Thursday, July 28, 2011

HAHA!!

This wall post was the high point of my day. You may have to narrow your eyes and put your face closer to your internet device, this is as big as I can get it.


Collin, Collin, oh Collin... You've never changed :)

Tuesday, July 26, 2011

The City Ignites

It's a midnight swim
Where it is late and the air is all clear
And I remember that evening
You on the floor
I was attached to the ceiling

Look behind the glass in your mouth
These words I am due for

The sun will set tonight under the lonely dreamers
Only to rise again so we can start it over
We'll start it again

And you were right
When you whispered in my ear
And it all became so clear
It's gonna be alright
Everything will be alright
Even if the city ignites

Now to 
Get back to
The home where theres windows
As large as the city below

That poetic piece was written by Brock Lindow, the lead singer of 36 Crazyfists.
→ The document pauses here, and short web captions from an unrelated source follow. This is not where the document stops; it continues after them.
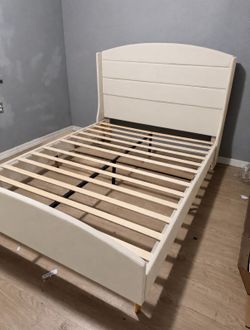 Queen bed with headboard/ cama queen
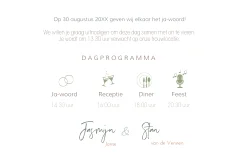 Trouwkaart met lieve kleine takjes en bloemen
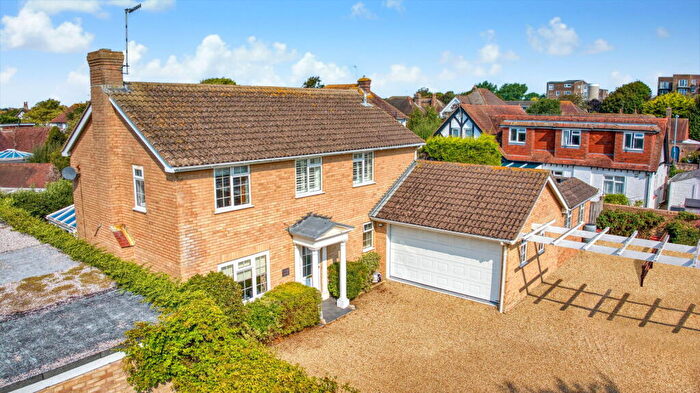5 Bedroom Detached House For Sale In Albany Close, Worthing, BN11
I have yet to hear them perform that song live. But there are two versions to this song. This song is called "Midnight Swim." The acoustic version is my favorite. The acoustic version is called "The City Ignites."

This is "The City Ignites"


This is "Midnight Swim"


Midnight Swim is actually pretty listenable after you get past Brock's terydactyl screams in the first 20 seconds.

I like both of them. The City Ignites is a little more better I think. Mainly because it doesn't have any mad screaming and it's an acoustic version.

I thought I'd share these two songs on here.

Saturday, July 23, 2011

A Movie

For almost half a year, me and my friend Peter have been working on this movie entitled, "The Most Interesting Christensen in the World." The official title is being re-determined, as many other "Christensen's" claimed to have claimed that title already. It has caused a bit of a conundrum in Peter's life. Let me spoil a little bit of one scene for you.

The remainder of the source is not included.